What is happening in Middle School?
By: Kacyn Harlan (Ms. Kneifl’s Advisory Class)
Ms. Kneifl’s classroom has a special pet. They have a praying mantis. This is the third one that they have kept in Ms. Kneifl’s classroom. These insects get their name because they have very long front legs that they hold in a position that reminds people of praying. There are about 1,800 species of praying mantis around the world. Since praying mantis are carnivores, eating mainly insects and other small animals, you will see Middle School students and Ms. Kneifl, around the school, catching grasshoppers and crickets for it to eat.
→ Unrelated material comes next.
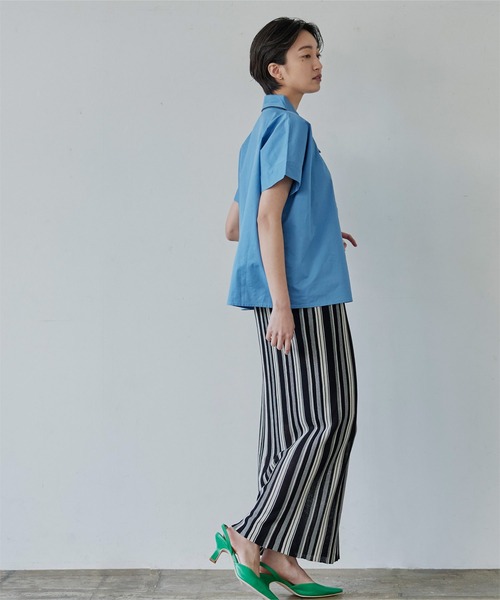 miette（ミエット）の「パイピングビッグカラーシャツ（シャツ/ブラウス・レディース・ホワイト系その他/ブルー/グリーン/ブラック・FREE）」の9枚目の写真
Many gardeners and farmers welcome mantis, because the insects they eat are often pests that hurt crops. In addition to insects such as crickets and grasshoppers, mantis eat spiders, frogs, lizards, and even small birds. Praying mantis have long necks topped by a triangular head. They can turn their heads 180 degrees, that’s an entire half circle. They have amazing body shapes that make them look like leaves or branches. Their front legs have rows of sharp spines to help them hold on to their prey, which they usually begin to eat head first! Students are busy trying to determine if this mantis is a male or female. The information book in the classroom states that in the fall, it is easy to determine the mantis sex. The female’s abdomen has become so large with eggs. The male remains very thin. Ms. Kneifl has had two previous mantis lay their eggs in the cage before they died, which is common. Students learned that the mantis will lay eggs even if they have not been fertilized. 8th graders that were in the 6th grade with Ms. Kneifl kept the eggs in the refrigerator over the winter and removed them to see if they would hatch in the spring, just as they would in the wild.